White House press secretary Jen Psaki said earlier Thursday there will be limited disability and religious exceptions to the federal employee vaccine requirement. Those who are not exempt and do not comply will be subject to disciplinary action, including possible termination, she said. 

“There are limited exceptions, but yeah, the expectation is that if you want to work in the federal government or be a contractor, you need to be vaccinated, unless you are eligible for one of the exemptions,” Psaki told reporters. 

The American Federation of Government Employees, AFL-CIO, the largest federal employee union, is taking issue with the mandatory vaccine requirement, even though it has encouraged workers to get vaccinated.
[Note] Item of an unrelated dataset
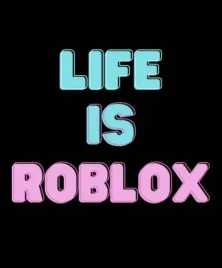 obraz-na-plotnie-canvas-dla-fana-roblox-gra-roblox-is-my-life-obraz-915x61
AFL-CIO president Everett Kelley said that “changes like this should be negotiated with our bargaining units where appropriate,” and he said the union expects to bargain over this rule before it’s implemented.

Still, Psaki said the president “has every intention of signing this executive order, getting the clock running on the timeline for these requirements, and his view and our view is this will serve as a model to the rest of the country on the need to get more people vaccinated in order to save more lives.” 
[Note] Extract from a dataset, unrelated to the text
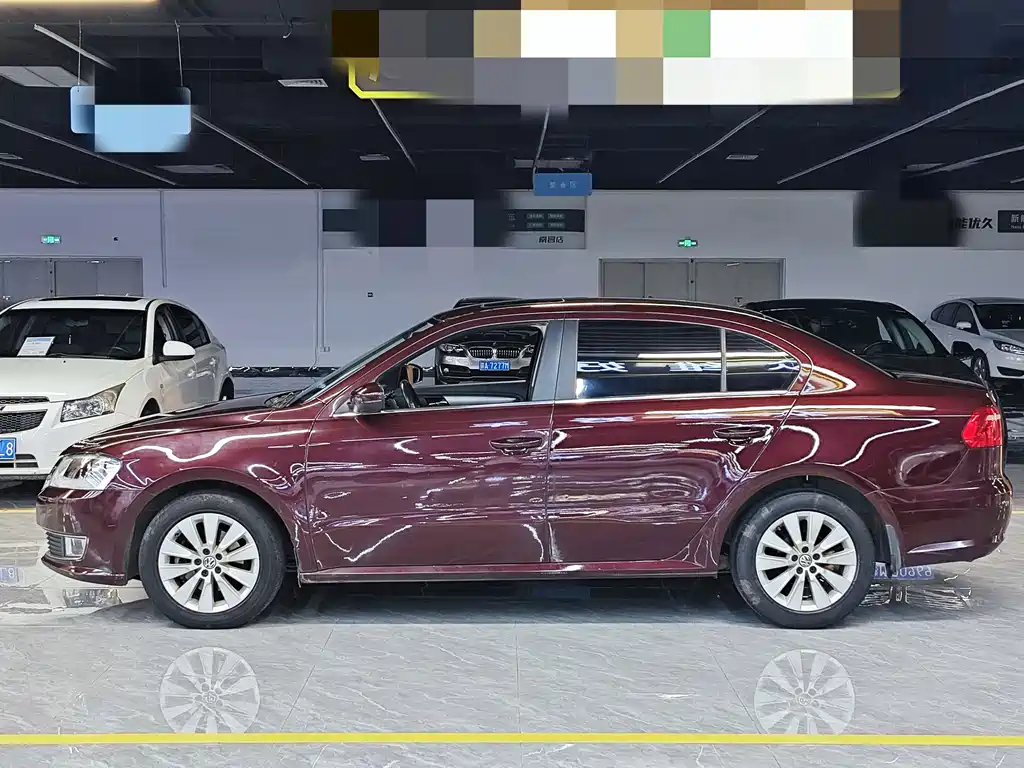 Volkswagen Lavida — миниатюра 4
The president also announced measures to ensure kids are adequately protected in classrooms, as he aims to make more testing available. He’s also urging states to require vaccinations for all school teachers and staffs. 

Mr. Biden also said he’s using the Defense Production Act to ramp up the production of rapid COVID-19 tests, and at-home rapid tests will be available at major pharmacies over the next several months at cost. 
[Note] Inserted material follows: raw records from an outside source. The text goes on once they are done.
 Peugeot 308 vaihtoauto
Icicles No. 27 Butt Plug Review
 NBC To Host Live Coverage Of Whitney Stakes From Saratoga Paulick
CBS News has learned the president will raise the issue of COVID vaccination effort on a global scale with other world leaders when they meet at the United Nations General Assembly later this month. A senior administration official told CBS News that while they are “still planning the president’s schedule around UN General Assembly High Level week, it is safe to assume we are actively looking at COVID-19 and public-health centered options.”  

The official stopped short of calling it a summit, but added that the administration anticipates “that there will be an opportunity for the president to engage with his counterparts on this issue during UNGA week.” One topic expected to be discussed among Mr. Biden and his counterparts, according to a second administration official will be about advancing and improving international cooperation on research and development on the COVID-19 front. 

According to the Centers for Disease Control and Prevention, 75.2% of American adults have at least one COVID-19 vaccine shot. But community transmission across most of the country remains high, as the Delta variant makes up nearly all of the country’s cases. Nearly 650,000 people have died in the U.S. from COVID-19 since the beginning of the pandemic last year.